Desde guaridas clandestinas del Gran Buenos Aires, “Von Pepe” −así conocido por sus simpatías con la escuela militar prusiana− organizó sus limitadas fuerzas. Al aceptar ser la cabeza del movimiento fue terminante: “La primera condición que impuse a todos mis compañeros del Ejército y a la Armada sin distinción absoluta de jerarquías para la imprescindible unidad de la acción y de su desarrollo fue ésta: yo solo mandar y todos obedecer”.
Ante la liberación de sus hombres, Uriburu retorna a Buenos Aires y se instala en la casa de un amigo, en el barrio Norte. El 5 de septiembre, en un clima casi caótico y con un vacío de poder ostensible –la renuncia de Dellepiane había sido un golpe mortal para el gobierno– Yrigoyen delega el mando en el vicepresidente Enrique Martínez, que decreta el estado de sitio. Pero ya toda medida era tardía: el 6 de septiembre de 1930 estalla el movimiento revolucionario.
Con escasos efectivos, pero consciente de las debilidades de su oponente, Uriburu instaló el comando revolucionario en San Martín mientras civiles movilizados y varios legisladores entre ellos, penetraron en Campo de Mayo instando a las tropas indecisas a pronunciarse. Millares de volantes propagando la revolución fueron arrojados desde aviones que, en círculos concéntricos fueron acercándose al centro de la Capital Federal. A las 10 de la mañana, Uriburu se puso en marcha. Lo seguía una columna solo integrada por elementos del Colegio Militar y el Batallón de Comunicaciones ya que las tropas de Campo de Mayo estaban paralizadas en la indecisión. Marchó hacia la Casa Rosada y su columna se engrosó con el aporte de población civil que adhería con entusiasmo a la iniciativa. Hubo conatos de lucha e intercambio de balas en la esquina de Córdoba y Callao y en la Plaza de los Dos Congresos con un saldo de 15 muertos y más de 150 heridos.

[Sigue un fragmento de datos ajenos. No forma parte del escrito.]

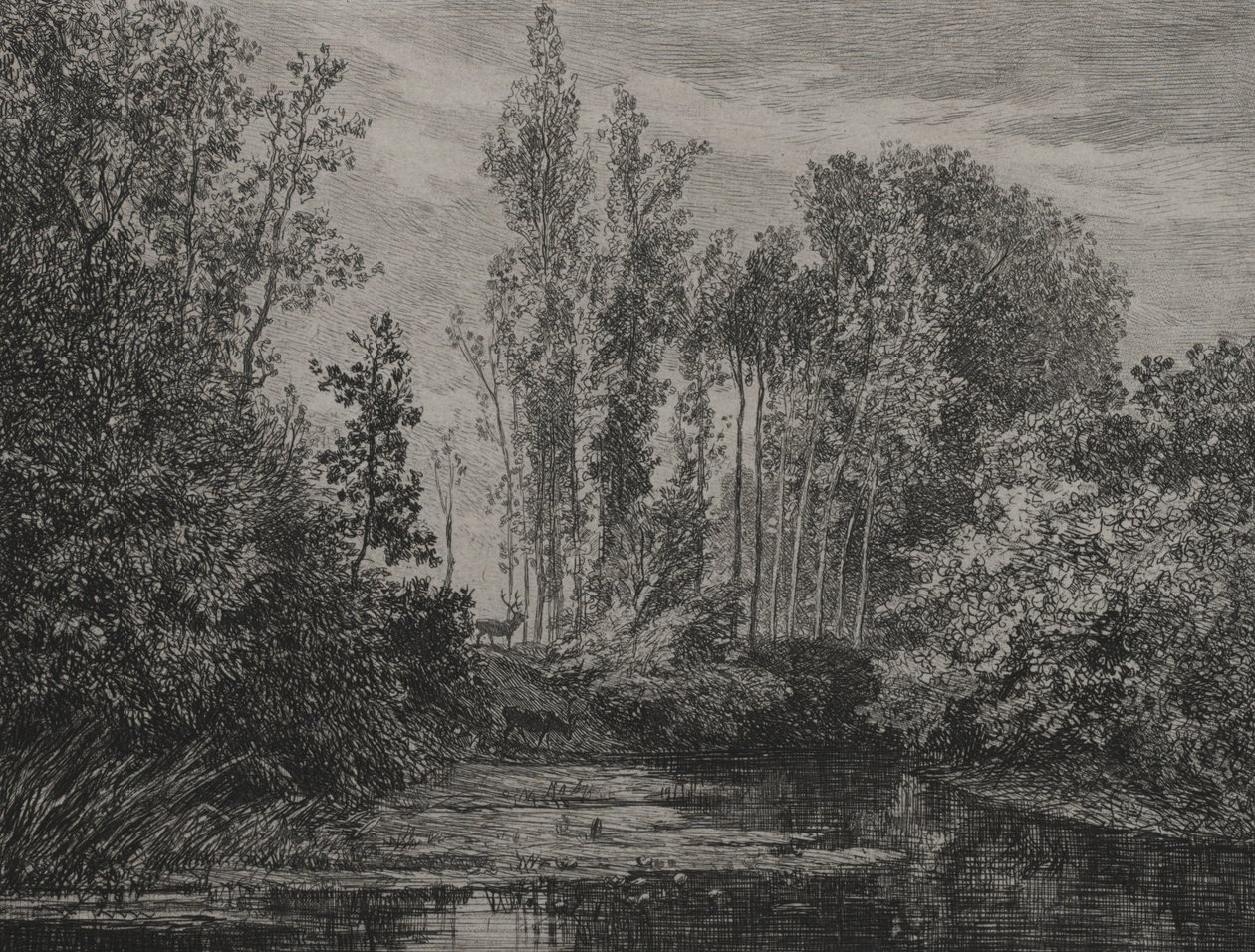 Hirvet veden äärellä, 1850. tekijältä Charles Francois Daubigny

Hubo otros conatos de resistencia, como el del comité radical de Flores, pero, como señala Félix Luna, “la confusión, la falta de conducción firme y la rapidez con que se produjeron los hechos hicieron imposible la resistencia popular”. Muchos opinan que, virtualmente, el gobierno se caía solo, ya que bastaron 1.500 hombres del Ejército –sobre un total de 40 mil más 10 mil policías– para concretar un golpe exitoso que, por sus características, bien se gana el título de putch.
Al llegar a la Casa Rosada, el contingente dirigido por Uriburu penetró en ella sin encontrar resistencia. Desoyó al vicepresidente Enrique Martínez y le exigió la renuncia. En el atardecer del día 6 Yrigoyen abandonó su vivienda de la calle Brasil y se trasladó a La Plata. Se alojó en el cuartel del Regimiento 7 de Infantería, suscribió su renuncia y la entregó al comandante de la unidad, el teniente coronel Irusta. Mientras tanto una turba desaforada irrumpía en su casa y prendía fuego a sus pocos libros y sus modestos muebles. La mayoría de los atacantes eran “niños bien” que profesaban un odio cerril hacia un presidente que había sido muy popular, que estaba ya muy viejo y que mantenía costumbres sencillas.
El “Peludo” –apodo que se correspondía con su estilo “escondedor” y enigmático− terminaba así, de modo casi humillante, su ajetreada carrera política. Y con la abrupta interrupción del orden constitucional se iniciaba un larguísimo período de más de medio siglo de grave inestabilidad institucional. La Argentina, felizmente, lleva ya casi tres décadas sin nuevas irrupciones políticas de las Fuerzas Armadas. Aquel fatídico 6 de septiembre, sin embargo, debe tenerse presente como un hecho clave de nuestra historia.